How it works? Replace sys at line 2 with any jmp, add, cmp, ldm, stm (like add 0 X), we have a crash at invalid reg "0". Find the only opcode that hang the program, that's our op_sys value.

Find sys_exit and reg_a

Easy enough:

imm a 42
sys exit X # exit 42
invalid * 20

How? If the sys_op is open|write|sleep, it will return and execute INVALID_INSN next. If sys_op is read_code|read_mem, we have read(42, ..) which fail immediately. Just detect the case the program returns 42, we have sys_exit and reg_a value.

Find invalid/no-op sys values

These value as syscall number do nothing, not even write to y reg (in sys n y).

imm a 42
sys n a
sys exit 0

The no-op ones will exit with code 42.

Find reg_s

You're asking me why. Because we need to detect values of b, c to place the correct argument for open/read/write syscalls. So filtering out valid values of b,c,d by excluding s,i,a,f sound more doable.

By using this code:

imm a 0; stk 0 a
imm a 6; stk 0 a
# if reg is s; loop
imm s 1
stk i 0
invalid * 20

If the reg is s, we pop "0", not "6" from stack, makes the program loops. If not, it will crash.

Find jmp and reg_f

Same spirit:

imm a 4
imm f 1
jmp 1 a
invalid
imm i 4; loop
# if reg is f and op is jmp; loop
invalid * 20

Find sys_write and reg b, c

By pushing "abcd\0" onto the stack, setting b=1, c=5, a=1, checking what value make the program print "abcd". Your thoughts are right! This will need 3 overlapping loops. But fear not, we exclude the known ones: reg a, i, s, f, invalids and sys_exit, no-op ones. The yan code left as a exercise for readers.
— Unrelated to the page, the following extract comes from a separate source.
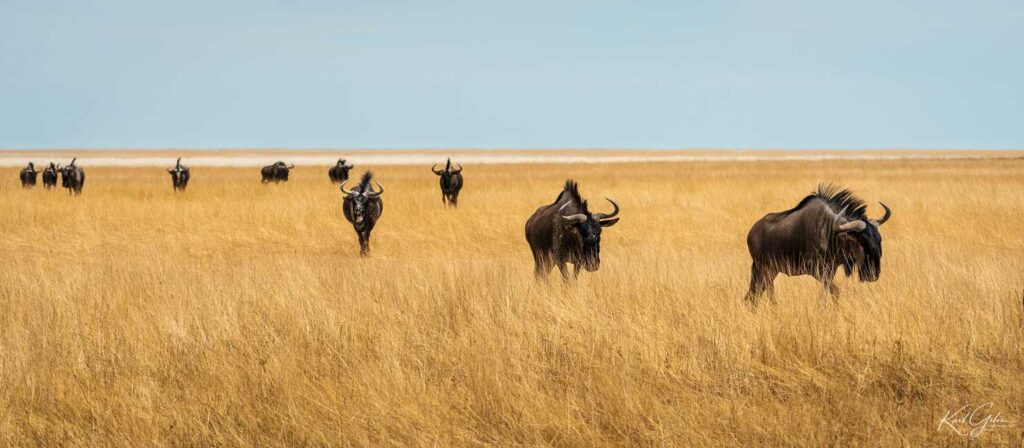 Fotoreizen naar Namibië, wildebeesten in Etosha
You have three value: sys_write, b, c.

Find sys_sleep

The easy one? By measuring execution time (in seconds):

imm a 2
sys sleep a
invalid

Find sys_open

I was expecting to open a valid file with fd=3. But the program already have 3 opened. So 4 returned by open syscall.

stk 0 a; * 4 # assert fd < 4 where fd in read fd
imm a 'a'; stk 0 a
imm a 0; stk 0 a
imm b O_RDONLY # which is 0 btw
imm a 4
sys open a
sys exit 0

Why do we "push 0" 4 times? To let the first argument "a" be 4, which contains "a\0" on stack. Because if the syscall number is read_mem|read_code, read(4,..) will fail immediately. So check if the program exit with 4, you're good. Or with a <= 3, you could check whether the program hangs or not.

Find sys_read_mem (and sys_read_code but we don't need it)

So, by filtering out sys_exit, sleep, write, open, and invalid ones. We left with two remaining values for read_mem and read_code. Both hangs the program for input. How do we different them?

imm c 0xff
imm b 4
imm a 0
sys read_mem a ; <= send bytes of imm a 15; sys exit 0
imm a 42
sys exit 0

Conclusion

That's it. You have all the needed values. Go grab the flag!

It was a fun (and time-consuming) challenge. Feel free to comment in my github blog for discussion.